BAB I
PENDAHULUAN
A. Pendahuluan
Diare adalah buang air besar (defekasi) dengan tinja berbentuk cair atau
setengah cair (setengah padat), kandungan air tinja lebih banyak dari biasanya
lebih dari 200 g atau 200 ml/24 jam. (Ciesla, 2003) Definisi lain memakai
kriteria frekuensi, yaitu buang air besar encer lebih dari 3 kali per hari.
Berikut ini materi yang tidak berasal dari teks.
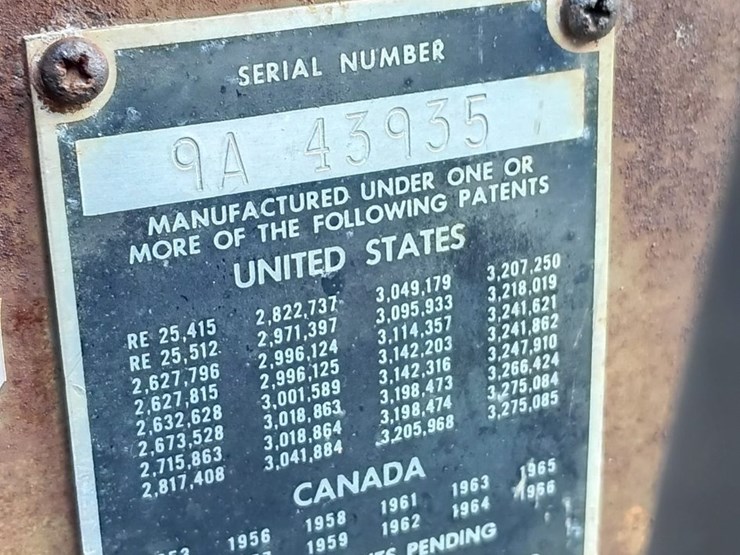 1967-massey-ferguson-165-image-6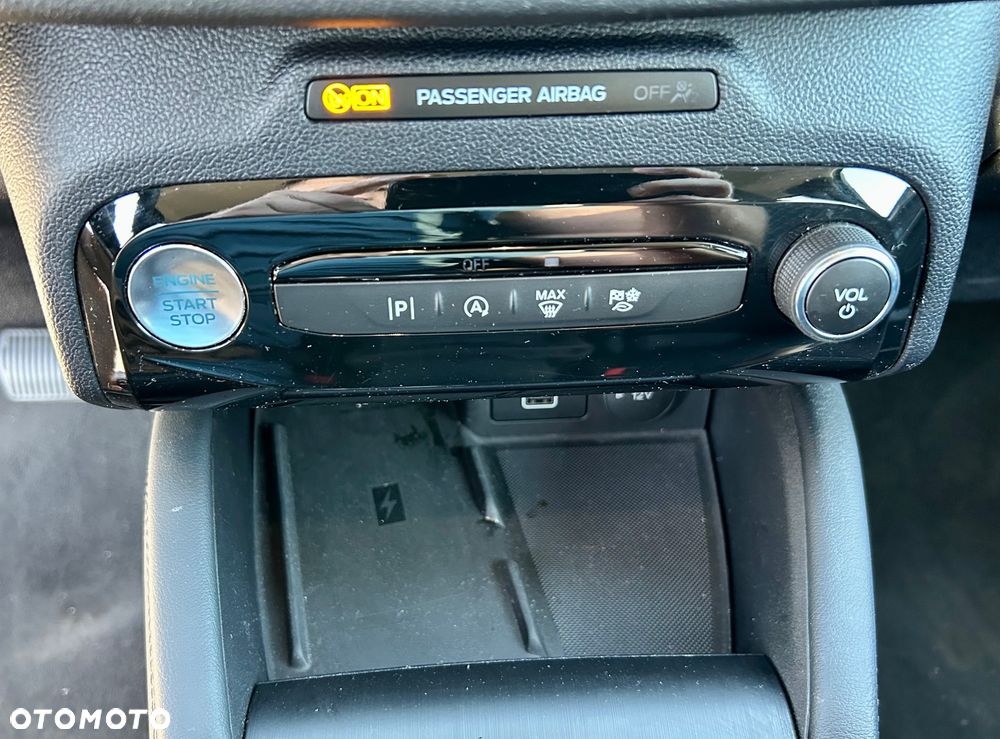 Ford Kuga 1.5 EcoBoost FWD Titanium - 15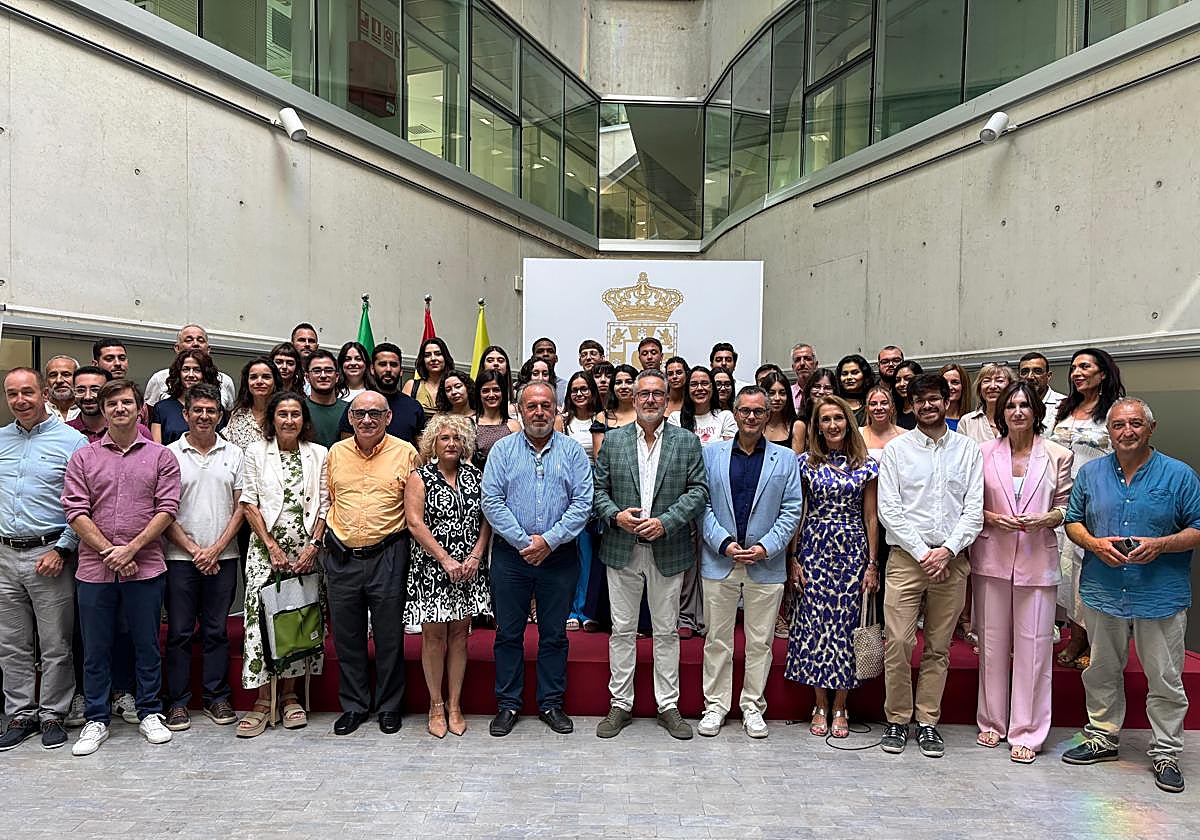 El diputado de Fondos Europeos, Desarrollo, Industria y Empleo, Antonio Díaz, ha señalado que «el verdadero valor del programa reside en su capacidad para conectar el talento joven con las necesidades reales del territorio»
Buang air
besar encer tersebut dapat/tanpa disertai lendir dan darah. (Guerrant, 2001)
Di Indonesia diare masih merupakan masalah kesehatan masyarakat,
besarnya masalah tersebut terlihat dari tingginya insidensi, angka kematian serta
masih sering terjadinya kejadian luar biasa (KLB). (Kemenkes RI, 2011)
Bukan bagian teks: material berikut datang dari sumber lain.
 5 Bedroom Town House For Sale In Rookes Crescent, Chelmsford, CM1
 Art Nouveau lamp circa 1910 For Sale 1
Diare akut adalah diare yang onset gejalanya tiba-tiba dan berlangsung
kurang dari 14 hari sedangkan, Diare kronik yaitu diare yang berlangsung lebih
dari 14 hari. Diare dapat disebabkan infeksi maupun non infeksi. Dari penyebab
diare yang terbanyak adalah diare infeksi. Diare infeksi dapat disebabkan Virus,
Bakteri, dan Parasit. (Loeheri, 1998)
Diare akut sampai saat ini masih merupakan masalah kesehatan, tidak
saja di negara berkembang tetapi juga di negara maju. Penyakit diare masih
sering menimbulkan KLB (Kejadian Luar Biasa) dengan penderita yang banyak
dalam waktu yang singkat. (Manatsathit, 2002)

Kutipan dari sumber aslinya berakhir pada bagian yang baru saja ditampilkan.